I do feel isolated from groups, particularly when people get together to do stuff. I feel like I'm constantly on the sidelines in those situations. I lack any fundamental knowledge of how to integrate myself. When I try, it's as if I'm poking at the world through a thin, see-through veil/curtain.

I have very little people-energy. I can't keep up with numerous close relationships, and I hate anything resembling acquaintanceship. I loathe getting to know people, though; I want to skip to the intimate parts, those moments are so much more enjoyable. It's not that I want to "devour souls" like SX-firsts -- frankly, devouring is kinda disgusting -- but I do want deep connections.

I'm not possessive of people, but I can be of things. Perhaps that's SP-first for you. On the other hand, I'm not fond of losing friends. I'm very much a "for life" kind of person, because of those deep connections.

And actually, I have low energy to begin with. Interacting with the world is meh. But I'm Se-inferior, so idk, maybe it's more that than SP/SX. *Conservation of energy is my main goal in life, really.* Even just trying to express myself can use up more energy than I'd like, so often I just don't bother trying. Physical activities are even worse. But I'll gladly expend more energy now if it means less energy in the long-term.

I have a _very_ strong need to be my own person. I _have_ to know where I stop and where someone else begins. Anything other than that is not an option. Yet, kind of contradictory, I do long for the... "you complete me" ideal, as embarrassing as it is to admit.

The whole "only withdrawns feel this way" is annoying, as it's so prevalent. There's _so many_ reasons why one would be similar, and they aren't all typology-related.


----------



## Recede (Nov 23, 2011)

Chesire Tower said:


> Do you tend to feel cut off from the rest of the world and live in your own little bubble or is that more type specific: ie. SO lasts for withdrawn types (4,5,9)?
> 
> Or is it more connected to being an SP first?
> 
> ...


I live in a bubble.

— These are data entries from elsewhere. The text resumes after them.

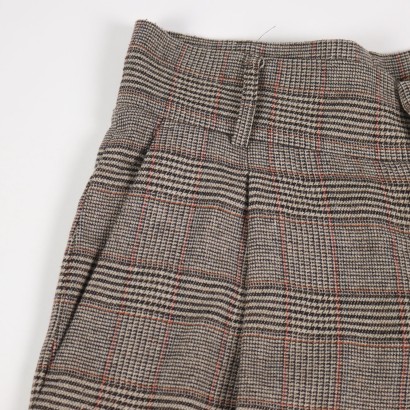 Tartan Trousers Max&Co Wool Polyester Italy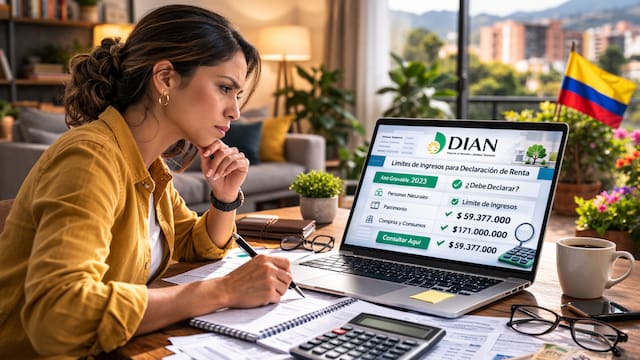Confirmado | La DIAN explicó cuánto debe ganar para declarar renta en Colombia: verifica si supera los topes oficiales en 2026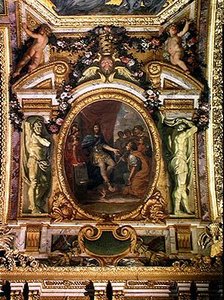 1663年の芸術の後援、Galerie des Glacesの天井画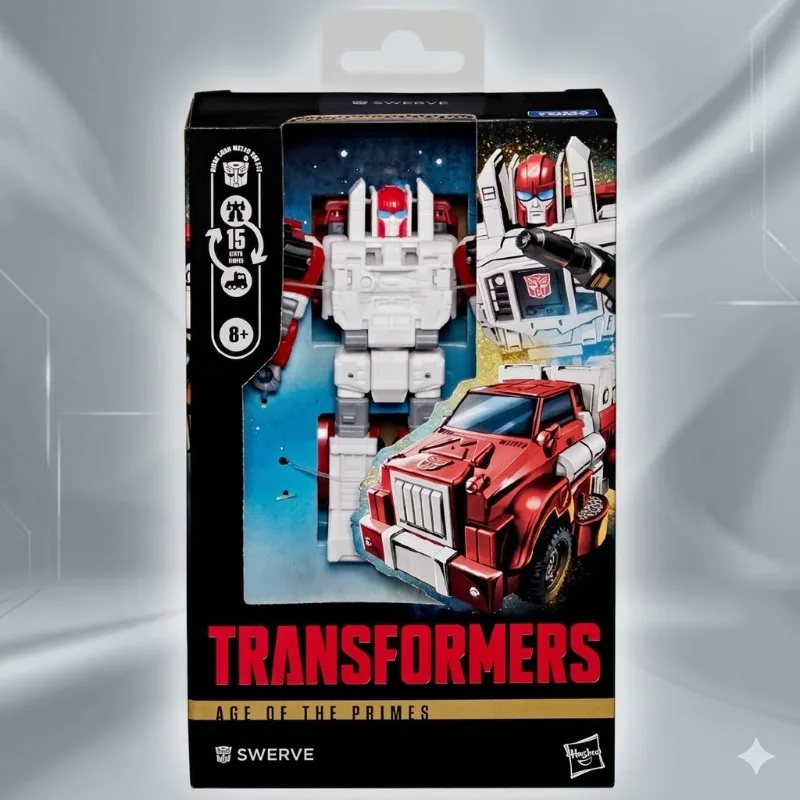 

【100% Original】 D Class 08 Animated Response Medic Transformation Alloy Action Figure Collectible White Ambulance Robot Model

What is this "rest of the world" you speak of? o.o

To me it's like being blind to anything social: culture, society, community, groups, politics, social roles, stereotypes, trends, celebrities, etc. All those things that are said to be shared knowledge or values within culture or society. Anything social like that is foreign to me, almost to the point where it doesn't exist. Not only am I oblivious, but I also don't understand the purpose or value of these things.


----------



## Chesire Tower (Jan 19, 2013)

The responses from @Paradigm and @Silveresque are making a hella lot more sense than the responses in the http://personalitycafe.com/enneagram-personality-theory-forum/464314-what-life-like-sp-last.html thread.



Yeah, it's kind of strange since considering that I am Fe aux, you would think that this stuff would not be so completely foreign to me. \o/


----------



## Pressed Flowers (Oct 8, 2014)

This is so interesting to me, and thank you everyone for sharing. I used to think that instinctual variants weren't that important, but I'm starting to see that they really do impact people quite a bit. I'll have to keep them in mind now as well when I find I can't understand someone. 

(I'm an SO-dominant by the way. Sorry I can't be of much help here, but it just wanted to give my gratitude. Maybe the wrong thread for that (*awkward laugh*), but yeah, I'll be following this topic.


----------



## Darkbloom (Aug 11, 2013)

I think I am so last with 269 tritype(not sure about the core yet),also probably ENFJ and it's a weird thing to be,isn't it? XD

Anyway,I'm very socially aware but at the same time I feel like I'm not really touched by social things,I can keep very detached from them and I only really care if sp and sx are in some way forcing me to care or at least act like I do.
I don't have strong opinions on what's going on in the world,it's the last thing on my mind tbh and I don't even care what's going on around me socially.I don't care about current ideals,I don't care about having many friends,I don't care about being universally anything,I don't get it how you can measure worth by how many friends you have,I don't get how young people sometimes have relationships they enjoy yet they need to go out with their friends all the time and know what's everyone doing and some put that above everything else (no wonder they all lose their boyfriends after a month XD)
At the same time I'm very aware,I get who is or isn't,belongs or doesn't but it's a very vague kind of awareness.I used to think my so was higher because of how I was raised but I realized that I'm actually less "social"(both focused/interested in social dynamics as well as desiring of friends,wanting to fit in,etc.) than my INTP father and many other introverts I know,my so is "Ok,I guess now it's time I care about this for a bit" kind of thing.


----------



## Inveniet (Aug 21, 2009)

I'm reasonably content, but I'm alone alot.
I'm not really lonely, but I've been that too.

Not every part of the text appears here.